Environmental decision making under uncertainty

Many contexts require decisions that concern, or dependent on, the environment. The construction of flood defences, the management of water reserves, and the planning of heating systems are cases in point. Rational decisions are based on the best available evidence. Since environmental decisions often concern planning for the future, this evidence comes in the form of outputs from scientific models. Scientists construct and run models of hurricanes in the North Atlantic, the precipitation in the British Midlands, and the occurrence of earth quakes in California. These phenomena are complex, and often there is no agreement among scientist about how to model them best. As a result, we often find a range of different models that represent the same system in different ways. These models can produce different, and sometimes conflicting, predictions about the future behaviour of the system. Nevertheless, it is often impossible to decide between these models using currently available empirical evidence, and so what science ends up providing is “ensemble” of different models. This ensemble is indicative of scientific uncertainty about the target system. The consequences of this uncertainty for decision making are severe. Rather than being handed a clear-cut prediction about a system’s future behaviour, decision-makers are now confronted with an ensemble of different models. How are they to make decisions on the basis of such an ensemble? In a recent paper Joe Roussos, Richard Bradley and I reflect on this question. We first show that the standard methodology of working with model averages is misleading, and we then develop an alternative approach to decision-making under uncertainty, which we call the confidence approach:

Making Confident Decisions with Model EnsemblesPhilosophy of Science 88(3), 2021, 439-460, with Joe Roussos and Richard Bradley.

We offer a simplified and more intuitive description of the central ideas of our approach in this paper:

Environmental Decision-Making under Uncertainty, in Wenceslao J. González (ed.): Current Trends in Philosophy of Science. A Prospective for the Near Future. Synthese Library. Cham: Springer, 2022, 45-62.

This project has developed in close collaboration first with XL Catlin and Axa XL, and then with Maximum Information. The specific case we’re looking is insurance companies’ cover for damage resulting from hurricanes in the North Atlantic. The outputs of hurricane models play an important role in pricing decisions for insurance premiums, and insurers find themselves in the multi model situation mentioned earlier. With the support of a grant from the Lighthill Risk Network, the project  Toward the Development of a Decision-Theoretic Framework for enhanced Cat Risk Management will spend the academic year 2021-22 working toward an implementation of our general framework for concrete decision-making in the insurance sector. The project is carried out in partnership with Maximum Information and reask, and involves collaboration with Aon, MS Amlin, Liberty Syndicates, Guy Carpenter, Lloyd’s, and Hiscox.

This project has produced a web-platform, which implements the conficende approach in the context of insurance pricing. The platform is open access and it can be found here. An associate blog post can be found here.

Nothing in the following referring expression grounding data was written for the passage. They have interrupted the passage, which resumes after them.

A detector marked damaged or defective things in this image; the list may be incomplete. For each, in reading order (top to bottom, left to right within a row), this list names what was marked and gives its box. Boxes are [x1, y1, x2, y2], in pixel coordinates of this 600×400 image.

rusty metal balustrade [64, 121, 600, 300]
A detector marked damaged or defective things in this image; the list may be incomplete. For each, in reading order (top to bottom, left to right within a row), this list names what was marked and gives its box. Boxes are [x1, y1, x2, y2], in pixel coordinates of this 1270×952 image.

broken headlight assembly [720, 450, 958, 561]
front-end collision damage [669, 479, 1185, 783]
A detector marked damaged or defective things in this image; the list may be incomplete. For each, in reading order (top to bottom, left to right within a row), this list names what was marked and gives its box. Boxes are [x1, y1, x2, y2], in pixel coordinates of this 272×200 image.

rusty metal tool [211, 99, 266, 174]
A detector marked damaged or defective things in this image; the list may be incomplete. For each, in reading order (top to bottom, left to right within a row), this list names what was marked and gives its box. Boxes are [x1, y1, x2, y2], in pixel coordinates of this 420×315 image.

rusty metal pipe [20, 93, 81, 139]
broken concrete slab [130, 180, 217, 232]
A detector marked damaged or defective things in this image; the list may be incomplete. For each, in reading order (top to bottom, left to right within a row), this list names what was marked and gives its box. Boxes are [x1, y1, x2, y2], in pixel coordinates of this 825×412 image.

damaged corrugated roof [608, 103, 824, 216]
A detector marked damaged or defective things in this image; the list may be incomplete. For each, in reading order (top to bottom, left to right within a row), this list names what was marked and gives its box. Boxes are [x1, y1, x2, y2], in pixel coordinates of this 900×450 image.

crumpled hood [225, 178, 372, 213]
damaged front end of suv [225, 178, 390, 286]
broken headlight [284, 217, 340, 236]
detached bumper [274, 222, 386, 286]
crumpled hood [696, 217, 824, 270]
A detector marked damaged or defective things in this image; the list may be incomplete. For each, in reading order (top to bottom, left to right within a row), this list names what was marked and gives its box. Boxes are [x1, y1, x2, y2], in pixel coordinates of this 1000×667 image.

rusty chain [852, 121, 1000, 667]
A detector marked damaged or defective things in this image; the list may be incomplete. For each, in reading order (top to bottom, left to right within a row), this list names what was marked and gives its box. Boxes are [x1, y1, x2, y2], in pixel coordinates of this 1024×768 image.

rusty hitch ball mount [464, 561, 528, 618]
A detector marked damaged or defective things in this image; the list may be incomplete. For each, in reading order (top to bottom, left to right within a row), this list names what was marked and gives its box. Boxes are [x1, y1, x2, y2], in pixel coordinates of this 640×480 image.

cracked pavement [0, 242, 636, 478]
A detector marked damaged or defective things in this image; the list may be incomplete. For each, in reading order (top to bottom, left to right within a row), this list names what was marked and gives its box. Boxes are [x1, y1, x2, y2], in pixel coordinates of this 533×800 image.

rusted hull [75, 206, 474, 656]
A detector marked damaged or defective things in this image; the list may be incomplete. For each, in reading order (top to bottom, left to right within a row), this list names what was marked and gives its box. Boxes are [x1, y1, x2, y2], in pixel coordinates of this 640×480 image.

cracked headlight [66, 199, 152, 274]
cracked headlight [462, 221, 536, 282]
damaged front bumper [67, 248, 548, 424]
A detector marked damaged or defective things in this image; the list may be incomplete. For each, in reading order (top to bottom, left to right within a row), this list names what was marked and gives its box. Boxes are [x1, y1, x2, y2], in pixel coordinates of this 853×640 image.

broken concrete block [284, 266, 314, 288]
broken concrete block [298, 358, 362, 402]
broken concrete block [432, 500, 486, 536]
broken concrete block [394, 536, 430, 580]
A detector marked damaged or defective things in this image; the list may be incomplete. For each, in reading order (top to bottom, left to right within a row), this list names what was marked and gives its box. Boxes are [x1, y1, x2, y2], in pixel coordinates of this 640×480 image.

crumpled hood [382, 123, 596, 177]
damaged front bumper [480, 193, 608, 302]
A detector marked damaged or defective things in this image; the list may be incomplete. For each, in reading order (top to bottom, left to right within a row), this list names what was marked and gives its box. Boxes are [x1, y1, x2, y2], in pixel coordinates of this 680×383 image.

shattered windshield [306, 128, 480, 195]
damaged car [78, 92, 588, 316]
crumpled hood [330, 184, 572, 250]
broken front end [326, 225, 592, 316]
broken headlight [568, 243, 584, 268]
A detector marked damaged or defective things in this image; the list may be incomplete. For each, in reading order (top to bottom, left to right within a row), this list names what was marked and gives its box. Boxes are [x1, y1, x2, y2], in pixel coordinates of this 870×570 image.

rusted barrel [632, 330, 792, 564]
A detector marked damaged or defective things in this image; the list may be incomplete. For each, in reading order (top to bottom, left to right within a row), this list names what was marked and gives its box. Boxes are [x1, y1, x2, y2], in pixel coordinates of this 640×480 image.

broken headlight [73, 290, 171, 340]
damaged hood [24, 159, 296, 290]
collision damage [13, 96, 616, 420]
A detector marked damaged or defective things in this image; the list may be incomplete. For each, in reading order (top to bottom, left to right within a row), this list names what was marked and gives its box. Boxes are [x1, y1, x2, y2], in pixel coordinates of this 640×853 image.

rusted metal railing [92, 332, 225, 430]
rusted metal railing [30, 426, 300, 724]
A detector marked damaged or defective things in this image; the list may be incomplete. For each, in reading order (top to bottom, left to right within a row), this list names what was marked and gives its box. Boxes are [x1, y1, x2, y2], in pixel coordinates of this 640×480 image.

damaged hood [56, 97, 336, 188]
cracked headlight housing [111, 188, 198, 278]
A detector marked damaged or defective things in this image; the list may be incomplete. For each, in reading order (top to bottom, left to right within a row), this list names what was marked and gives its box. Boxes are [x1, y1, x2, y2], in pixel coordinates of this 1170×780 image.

A discussion of some of the background of (and motivatino for) the confindence approach can be found in the following:

Models and Theories. A Philosophical Inquiry. London: Routledge 2023, Chapter 15.

Climate Models and Robustness Analysis – Part I: Core Concepts and Premises, in Gianfranco Pellegrino and Marcello Di Paola (eds.): Handbook of Philosophy of Climate Change. Cham: Springer, 2023, 67-88, with Margherita Harris.

Climate Models and Robustness Analysis – Part II: The Justificatory Challenge, in Gianfranco Pellegrino and Marcello Di Paola (eds.): Handbook of Philosophy of Climate Change. Cham: Springer, 2023, 89-103, with Margherita Harris.